8- Uluslararası koşullar “marka satın almayı” uygun hale getiriyor; marka konusunda ulusal bir strateji tasarlamalıyız.

9- Siyaset dili ve siyaset uygulamalarının stratejik, taktik ve operasyonel bütünlüğü önemli. Büyük satın alma yapan kuruluşların mensuplarının ülkemize gelmesine ambargo koymasına neden olan koşullar değişmeli. Siyaseti meydanlarda değil, kendi zeminlerinde sürdürmeliyiz.

10- Dijital dönüşüm bir mode değil, hızla üretim hizmetlerini etkileyen bir gelişme. Bu dönüşümü tam zamamında yakalama hepimizin ortak sorumluluğu.

11- Teşvik sistemlerimizi “ Ucuz emek-odakalı” olmaktan çıkarıp, “rekabet-odaklı” hale getirmeliyiz.

12- İşletme ölçeklerini erişebilirliklerini artıracak ve uluslararası piyasalara uyacak şekilde yönlendirmeliyiz.

13- Kuzey Afrika ve benzeri ülkelerin “rakip oluşturma potansiyelini” en başta tekstil ve hazır giyim sektöründe dikkate almalıyız.

14- Komşularla ticaretin önemini dikkate alan bütünsel politikaları öne çıkarmalı, aksamaları bir an önce onarmalıyız.

15- Fuarların etkin ve verimli araçlar olması için yeniden ele almalı, kendi koşullarımıza göre yeniden değerlendirmeliyiz.

İyiye işaret

Toplantıda “iyiye işaret” olarak algıladığımız bir gözlemi paylaşalım: İnsanlar sıkıntı yaratan tutumları eleştireye dönük daha net tutum sergiliyor. Yunus Emre’nin “Sözünü bilen kişinin yüzünü ağ ede bir söz/ Sözü pişirip diyeninin işini sağ ade bir söz” ilkesi giderek anlam buluyor. Ölçülü, tartılı, demlenmiş söz söyleme yaygınlaşıyor. Akla gelen söz hemen ağızdan fırlatılmıyor. İnsanlar sözün ağızdan çıkana kadar kendi esirleri olduğunu, çıktıktan sonra ise kendilerini esir edeceğini dikkate alıyor; kulakları sağır edecek suskunluğun, korkunun esiri olmanın tuzaklarına düşmüyor; korku üzerine gidiş güçleniyor.

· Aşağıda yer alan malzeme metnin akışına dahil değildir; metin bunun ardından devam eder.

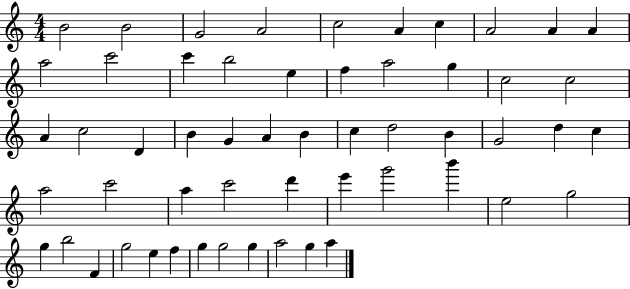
{
  \clef treble
  \numericTimeSignature
  \time 4/4
  \key c \major
  b'2 b'2 | g'2 a'2 | c''2 a'4 c''4 | a'2 a'4 a'4 | \break a''2 c'''2 | c'''4 b''2 e''4 | f''4 a''2 g''4 | c''2 c''2 | \break a'4 c''2 d'4 | b'4 g'4 a'4 b'4 | c''4 d''2 b'4 | g'2 d''4 c''4 | \break a''2 c'''2 | a''4 c'''2 d'''4 | e'''4 g'''2 b'''4 | e''2 g''2 | \break g''4 b''2 f'4 | g''2 e''4 f''4 | g''4 g''2 g''4 | a''2 g''4 a''4 | \break \bar "|."
}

Kendi programlarını, ortak yararlarını ve dolaylı olarak ülke yararını gözeten söylemlerin bireyler ve STK yöneticilerinin diline yansıması önemli… Söylemlerdeki nitelik değişmesini desteklemeli ve yürüklendirmeliyiz. Kolektif kaynaklardan bağımsızlaşan sivil inisiyatiflere olan ihtiyacın farkına varmalıyız.